The General Assembly session ends Monday, and already lawmakers have sent to Gov. Martin O'Malley's desk a number of important pieces of legislation, including a bill banning discrimination against transgender individuals, reforms to Baltimore's liquor board and new protections against domestic violence. But a few major issue remain to be decided during the next few days, including:
•Minimum wage. The most important item on Governor O'Malley's agenda has gotten steadily watered down. His goal of setting a minimum standard of $10.10 an hour remains intact, but a Senate committee has pushed back its implementation by two years, to the summer of 2018. That means less of an immediate boost to the economy from the new spending power from low-wage workers. The Senate committee has also introduced the idea of a training wage for teen-age workers during their first six months of employment, which would allow them to be paid 15 percent below the minimum.

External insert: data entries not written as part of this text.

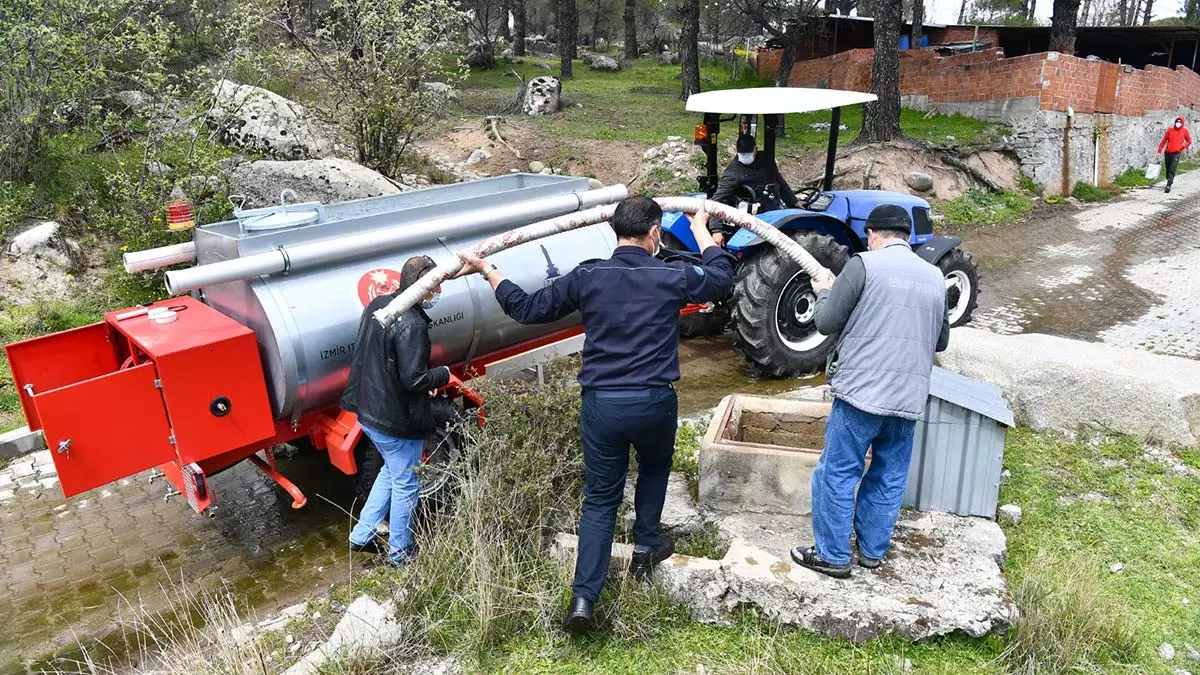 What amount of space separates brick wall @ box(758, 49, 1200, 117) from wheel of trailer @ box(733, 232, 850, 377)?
9.98 metres

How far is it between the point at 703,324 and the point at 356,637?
17.3 feet

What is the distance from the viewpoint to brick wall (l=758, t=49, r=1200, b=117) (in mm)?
14094

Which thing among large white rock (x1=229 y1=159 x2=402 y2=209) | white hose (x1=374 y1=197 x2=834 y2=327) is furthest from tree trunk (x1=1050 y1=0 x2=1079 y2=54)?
white hose (x1=374 y1=197 x2=834 y2=327)

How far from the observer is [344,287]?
14.7ft

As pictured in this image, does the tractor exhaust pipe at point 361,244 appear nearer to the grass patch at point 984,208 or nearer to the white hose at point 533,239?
the white hose at point 533,239

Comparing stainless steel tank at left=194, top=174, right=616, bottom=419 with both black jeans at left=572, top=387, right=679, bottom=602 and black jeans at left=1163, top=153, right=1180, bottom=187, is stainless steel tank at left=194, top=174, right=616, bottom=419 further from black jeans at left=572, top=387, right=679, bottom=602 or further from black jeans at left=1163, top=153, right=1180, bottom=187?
black jeans at left=1163, top=153, right=1180, bottom=187

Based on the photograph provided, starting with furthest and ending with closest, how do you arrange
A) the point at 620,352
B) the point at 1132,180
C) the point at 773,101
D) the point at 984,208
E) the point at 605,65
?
the point at 605,65
the point at 1132,180
the point at 984,208
the point at 773,101
the point at 620,352

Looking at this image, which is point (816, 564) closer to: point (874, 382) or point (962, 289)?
point (874, 382)

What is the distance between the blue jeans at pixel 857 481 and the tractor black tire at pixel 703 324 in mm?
4261

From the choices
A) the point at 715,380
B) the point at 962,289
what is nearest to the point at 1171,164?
the point at 962,289

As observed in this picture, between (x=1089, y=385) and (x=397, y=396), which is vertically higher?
(x=397, y=396)

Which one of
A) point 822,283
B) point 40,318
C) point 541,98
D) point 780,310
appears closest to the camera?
point 822,283

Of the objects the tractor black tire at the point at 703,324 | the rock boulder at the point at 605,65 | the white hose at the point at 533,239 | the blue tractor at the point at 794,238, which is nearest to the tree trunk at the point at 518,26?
the rock boulder at the point at 605,65

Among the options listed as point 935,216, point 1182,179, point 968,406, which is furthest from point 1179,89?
point 968,406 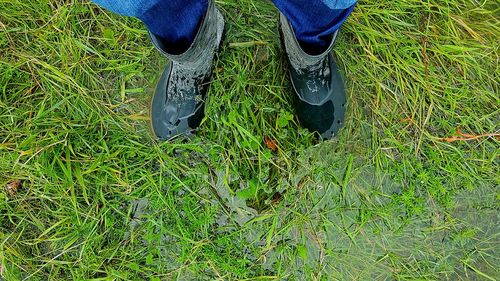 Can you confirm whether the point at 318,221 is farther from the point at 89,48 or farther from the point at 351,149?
the point at 89,48

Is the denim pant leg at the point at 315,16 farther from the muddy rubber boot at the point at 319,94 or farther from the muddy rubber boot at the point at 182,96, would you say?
the muddy rubber boot at the point at 182,96

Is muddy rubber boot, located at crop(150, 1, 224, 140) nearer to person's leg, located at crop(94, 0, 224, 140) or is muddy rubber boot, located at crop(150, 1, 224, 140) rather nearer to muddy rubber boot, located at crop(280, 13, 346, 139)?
person's leg, located at crop(94, 0, 224, 140)

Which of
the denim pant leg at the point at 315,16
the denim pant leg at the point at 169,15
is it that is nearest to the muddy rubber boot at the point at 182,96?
the denim pant leg at the point at 169,15

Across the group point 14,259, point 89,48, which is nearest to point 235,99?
point 89,48

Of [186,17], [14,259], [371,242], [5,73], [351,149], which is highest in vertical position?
[186,17]

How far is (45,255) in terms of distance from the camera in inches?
65.6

Both chambers appear to be coalescing around a pair of House amendments that are also detrimental to the governor's proposal. One eliminates automatic adjustment of the minimum wage for inflation, meaning it will almost inevitably fall behind once again. The second freezes the base pay for tipped workers at its current level, $3.63 an hour. State law requires such workers to earn at least the minimum wage when tips are factored in, but enforcement is problematic, and national studies indicate widespread abuses.
Still, the worst thing to happen now would be for the bill to fail altogether. The House and Senate should pass it — and we can hope that a new governor and legislature will fix its defects next year.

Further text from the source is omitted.